■ **Work task**:
Take the data below and extract the lines from the one with "4133 N Morro Bay, Clovis, CA 93619" to the one with "Photo of property", inclusive, exactly as written.

■ **Entries shown**:
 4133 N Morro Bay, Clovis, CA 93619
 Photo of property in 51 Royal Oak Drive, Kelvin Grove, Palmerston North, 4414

==

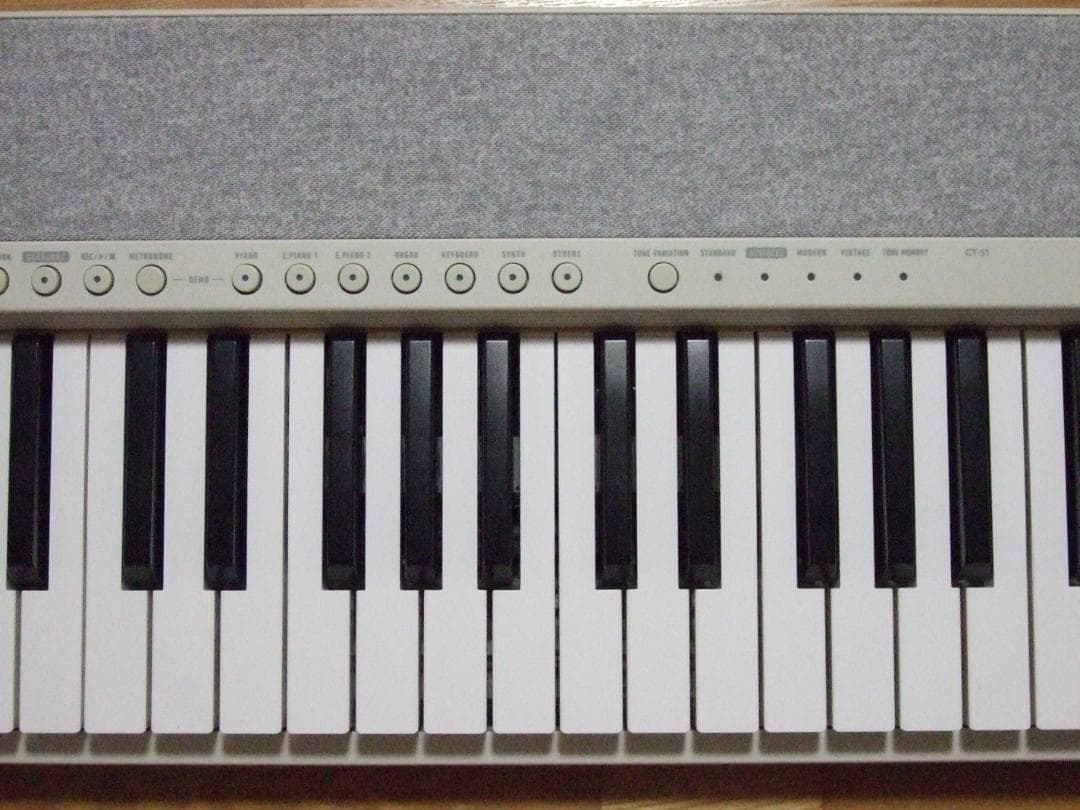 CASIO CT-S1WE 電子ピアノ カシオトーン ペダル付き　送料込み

---

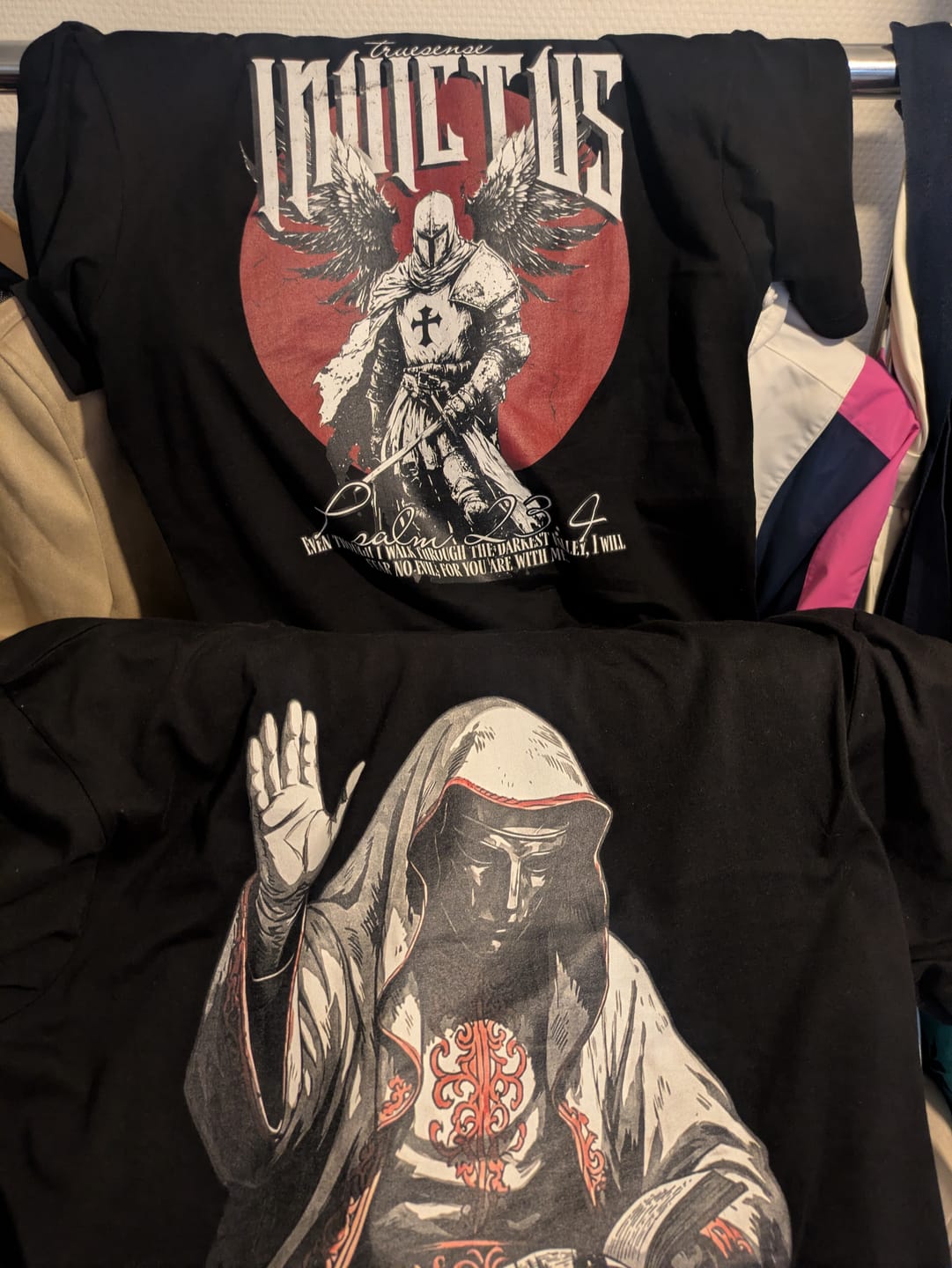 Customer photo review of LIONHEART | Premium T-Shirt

■ **Exercise output**:
 4133 N Morro Bay, Clovis, CA 93619
 Photo of property in 51 Royal Oak Drive, Kelvin Grove, Palmerston North, 4414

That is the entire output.